My insistence that progressive “Christianity” does not reflect the Bible’s definition of Christianity is met with more pushback from acquaintances than almost anything else I write. “You’re being ungracious, John,” friends assert. “You’re judging.”

Why, yes, I am judging, and I'm happy to be judged by the same standards. You see, unlike progressive "Christians," I believe the Bible to be the authoritative, inspired Word of God. This means that when God reveals something in His Word, I take it seriously and pray for the grace to not allow shifting social trends to hold my response to God's Word hostage.

Claiborne's article about the death penalty is a tragic demonstration of his low view of God's Word versus conservative Christians' high view of God's Word.

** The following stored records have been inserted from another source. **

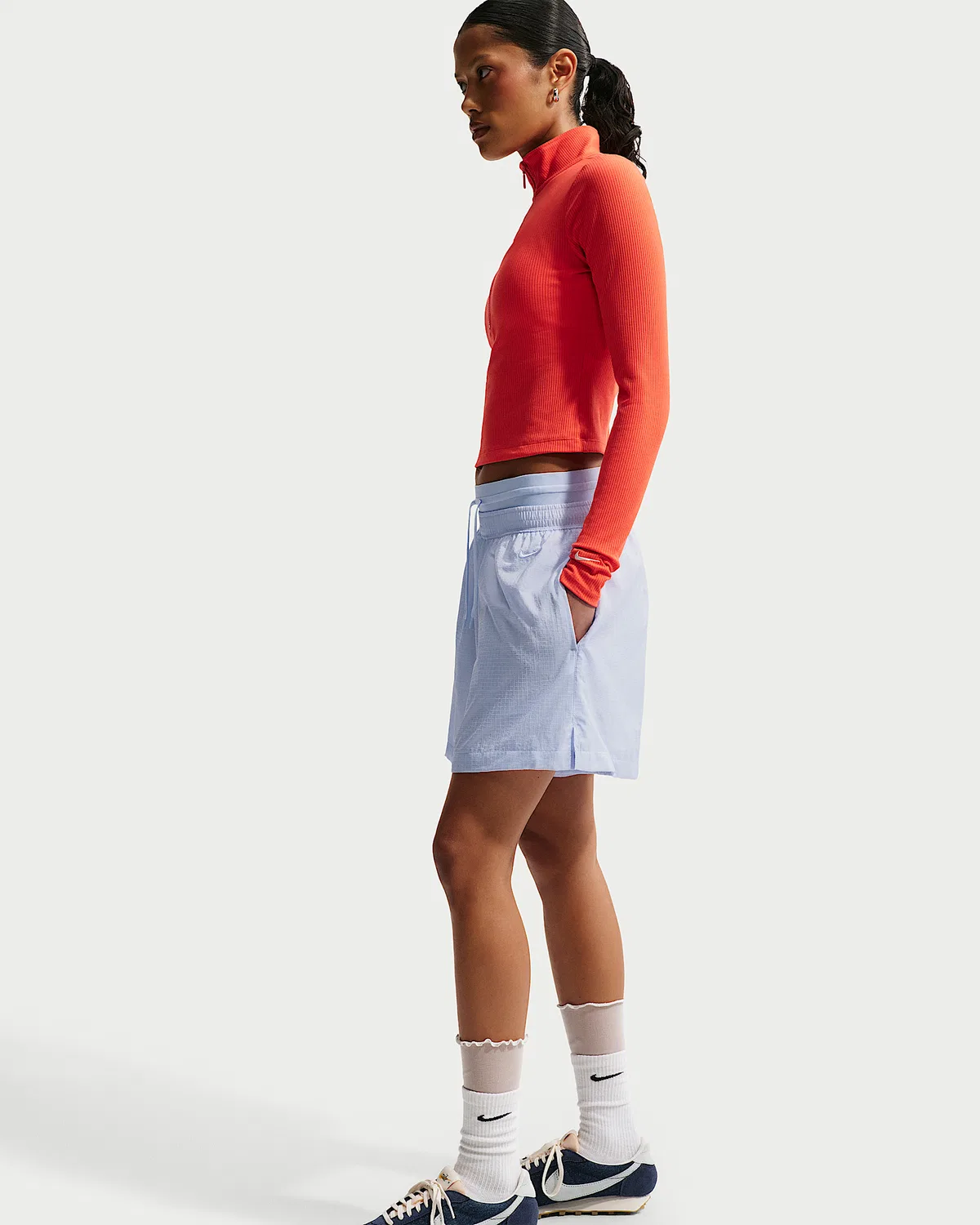 Женские свободные шорты Nike Sportswear с высокой посадкой из легкого рипстопа, Hydrogen Blue/Hydrogen Blue — фото 4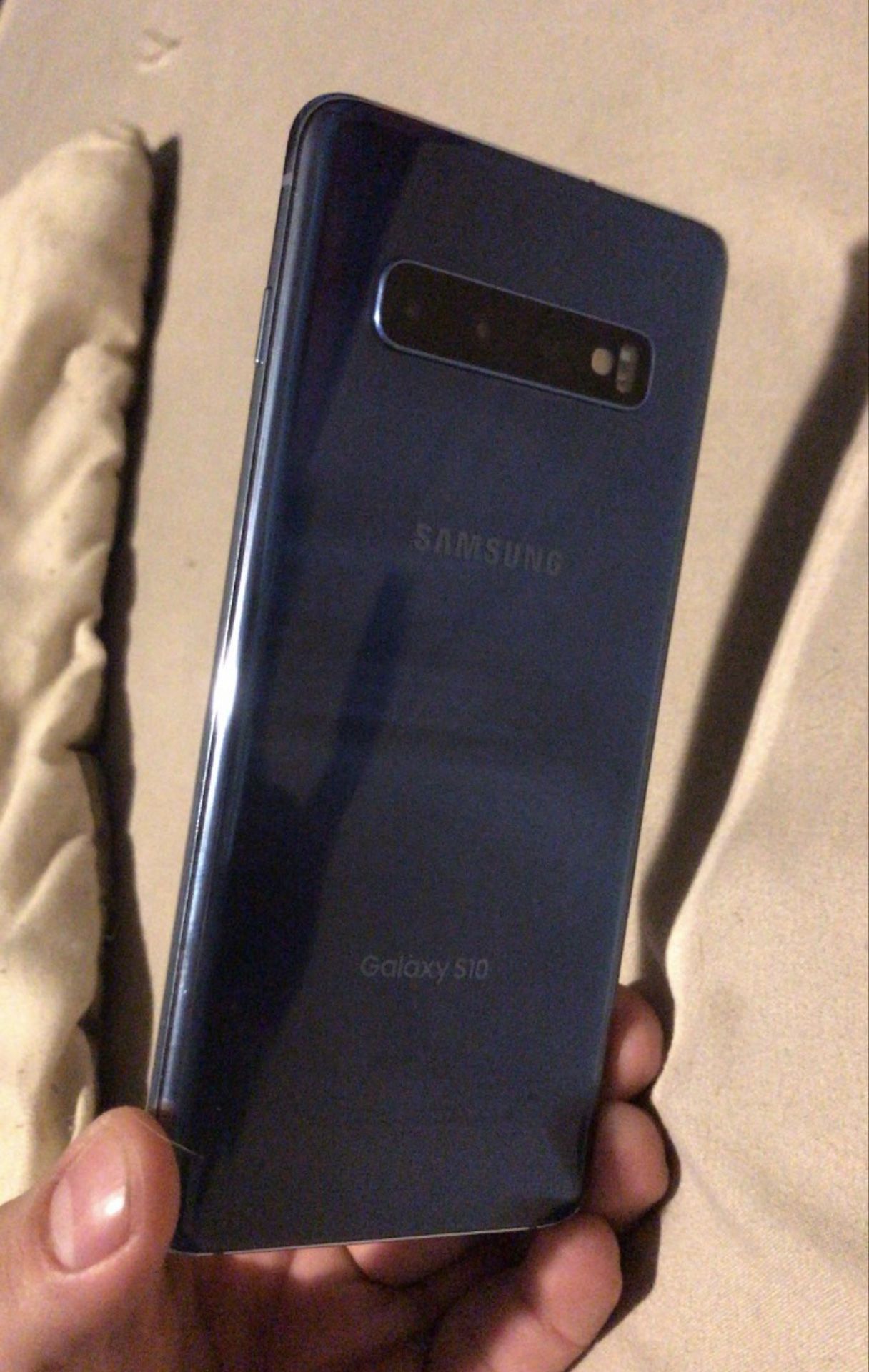 Samsung Galaxy S10 (FACTORY UNLOCKED)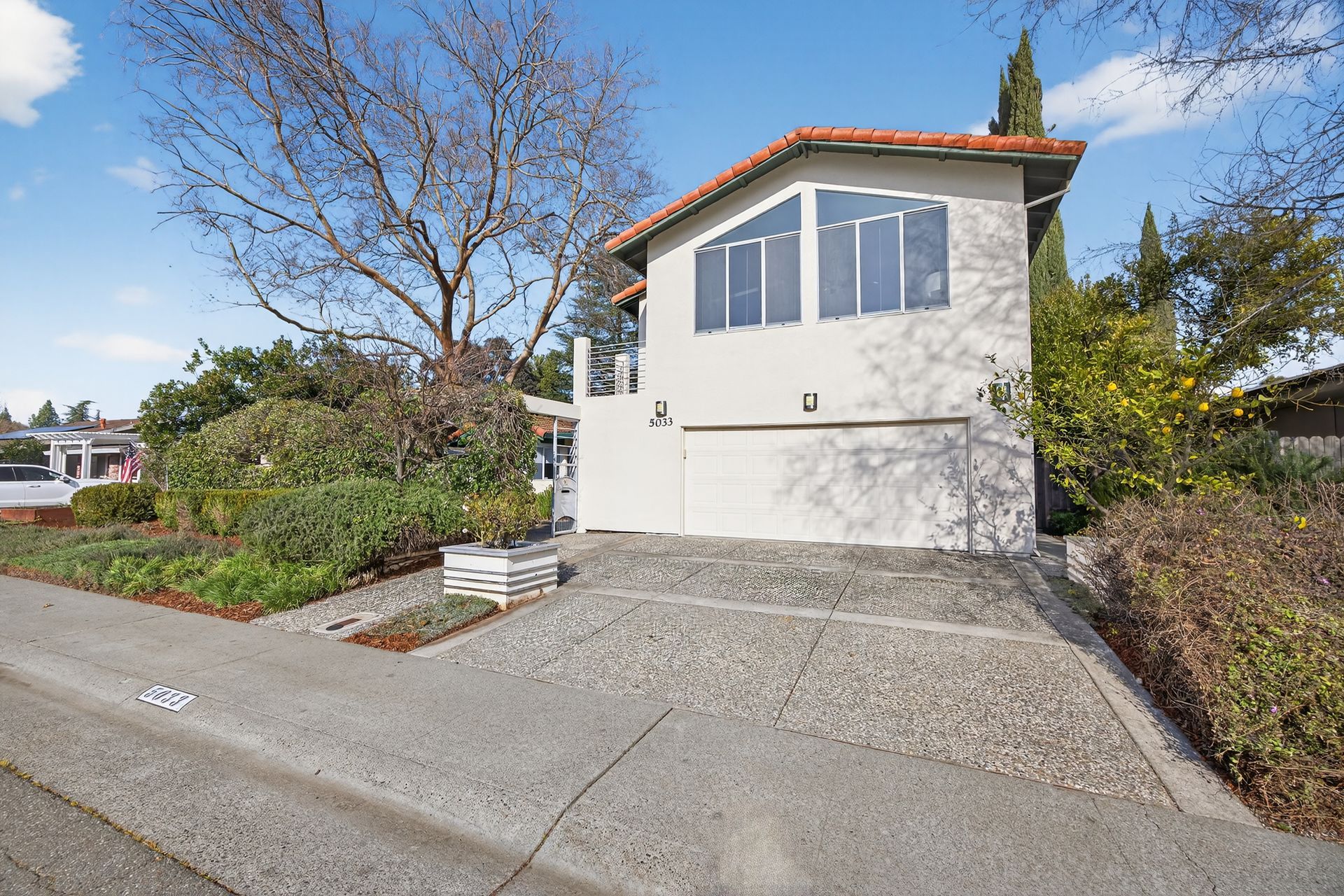 5033 El Cemonte Avenue, Davis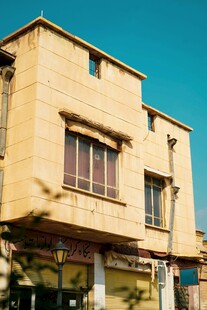 两层黄色建筑外观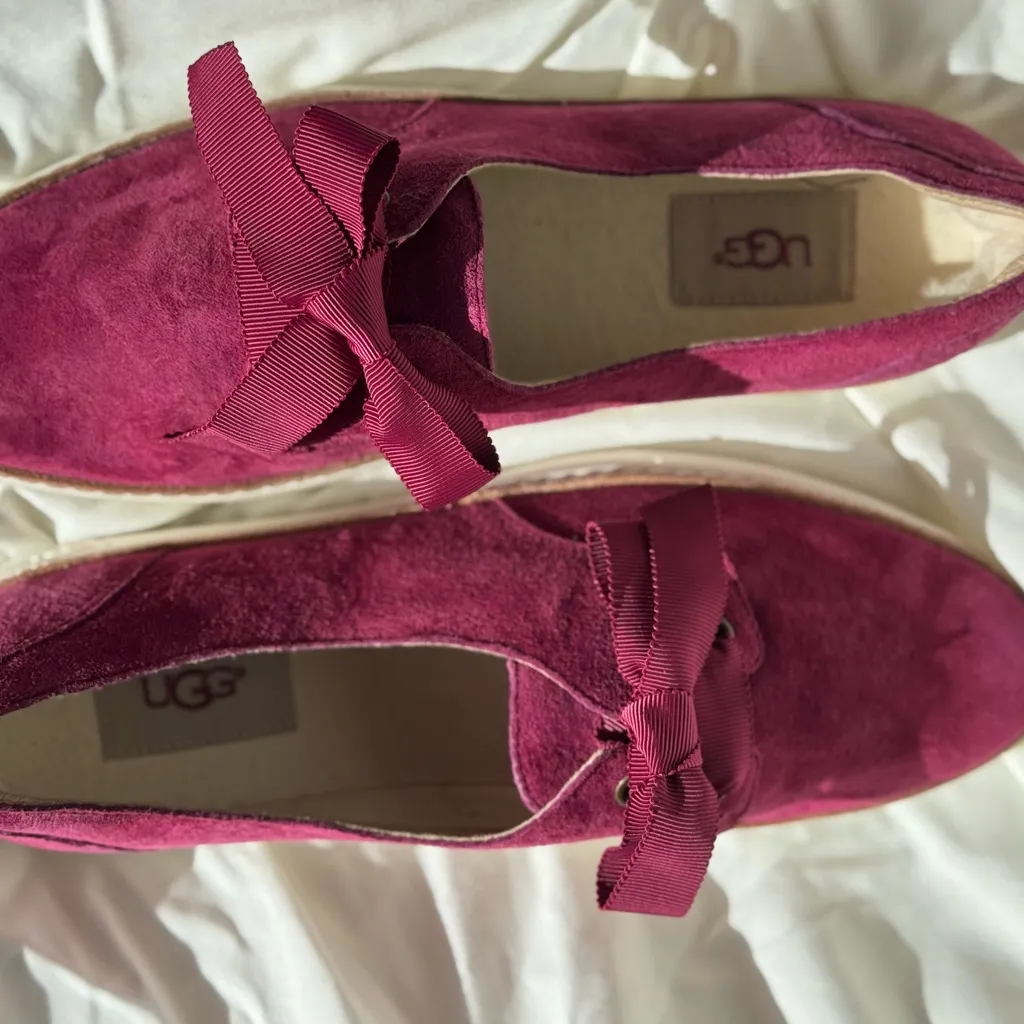 UGG  Burgundy Suede Loafers Classic Flats Size 6.5 - Image 7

In the article titled "Christians Are Why the Death Penalty Lives On," Claiborne writes:

Wherever Christians are most concentrated in America is where the most executions have taken place. While we Christians have prided ourselves on being pro-life on the issue of abortion, too often we have proven ourselves to be anti-life when it comes to capital punishment. The truth is that the death penalty has survived not in spite of Christians but because of them.

I have little reason to doubt Claiborne's claim. It's his tone of judgment that I find troubling. Blaming Christians for the use of the death penalty is like blaming Christians for society's insistence that stealing is wrong, or that adultery is wrong. When society adheres to God's ethics, then I'm not going to be surprised if Christians are to blame.

The bigger problem with Claiborne's argument is that he denies that the death penalty adheres to God's ethics. However, in doing so, he must rebel against God's direct Words in Genesis 9:6 that clearly command the death penalty: "Whoever sheds the blood of man, by man shall his blood be shed, for God made man in his own image."

Taking his judgment of God up a notch, Claiborne goes on to compare defending the death penalty to defending chattel slavery:

It does not take courage to say that slavery is wrong a generation after we have ended it. It takes courage to say that slavery is wrong when it is still legal and socially acceptable. So it is with the death penalty. I believe we will look back at the death penalty a generation from now just like we look back at slavery: with horror and shame, wondering how we ever thought it was OK and how we used the Bible to justify it.